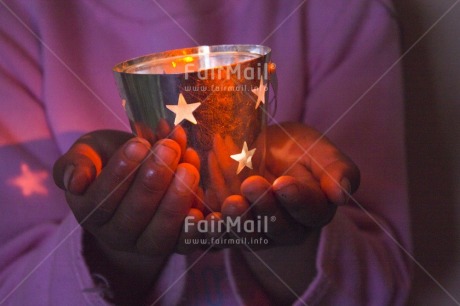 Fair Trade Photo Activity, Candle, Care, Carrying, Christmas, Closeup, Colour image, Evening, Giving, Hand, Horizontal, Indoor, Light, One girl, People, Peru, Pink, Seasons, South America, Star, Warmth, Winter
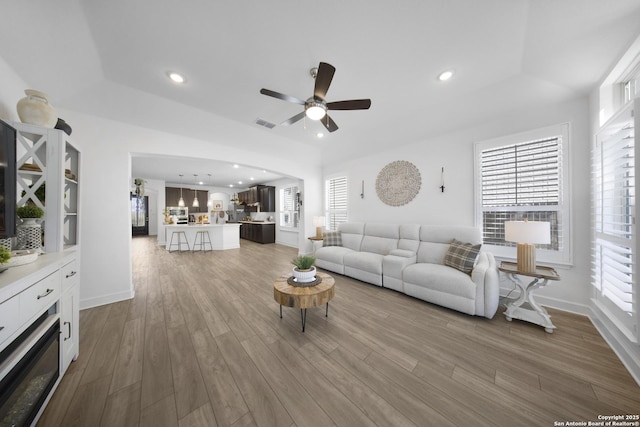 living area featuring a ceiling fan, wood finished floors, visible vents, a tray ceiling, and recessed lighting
* * *
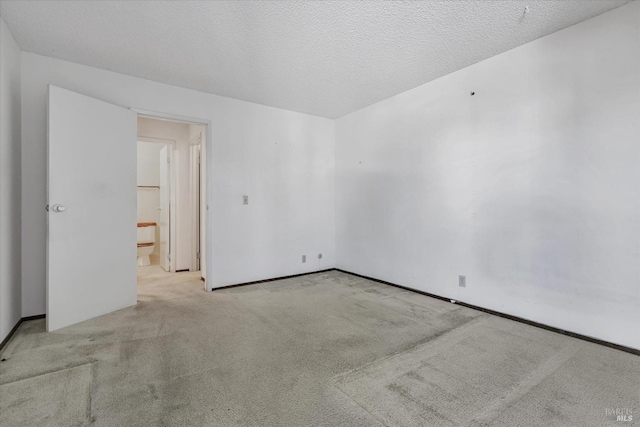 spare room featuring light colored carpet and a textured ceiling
==
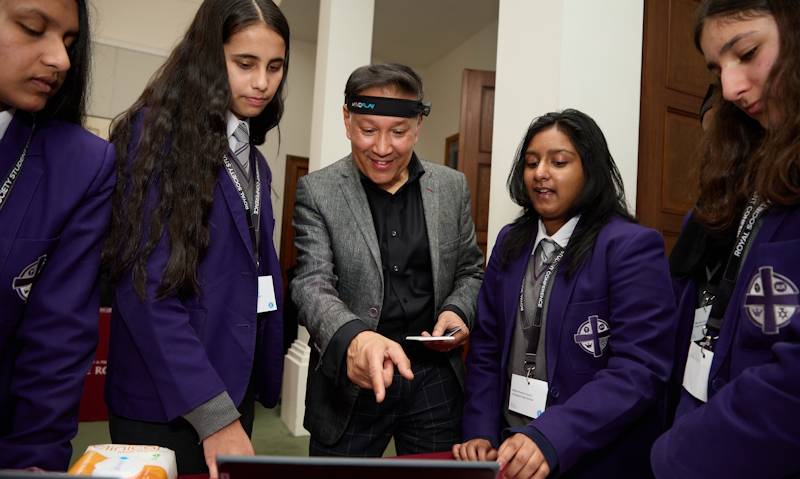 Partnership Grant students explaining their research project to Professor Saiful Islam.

- Your goal: Above are some entries; copy exactly the lines from the line with "Fair Trade Photo" through the line with "living area featuring", both included, but none of the pictures.

- Solution:
 Fair Trade Photo Activity, Candle, Care, Carrying, Christmas, Closeup, Colour image, Evening, Giving, Hand, Horizontal, Indoor, Light, One girl, People, Peru, Pink, Seasons, South America, Star, Warmth, Winter
 living area featuring a ceiling fan, wood finished floors, visible vents, a tray ceiling, and recessed lighting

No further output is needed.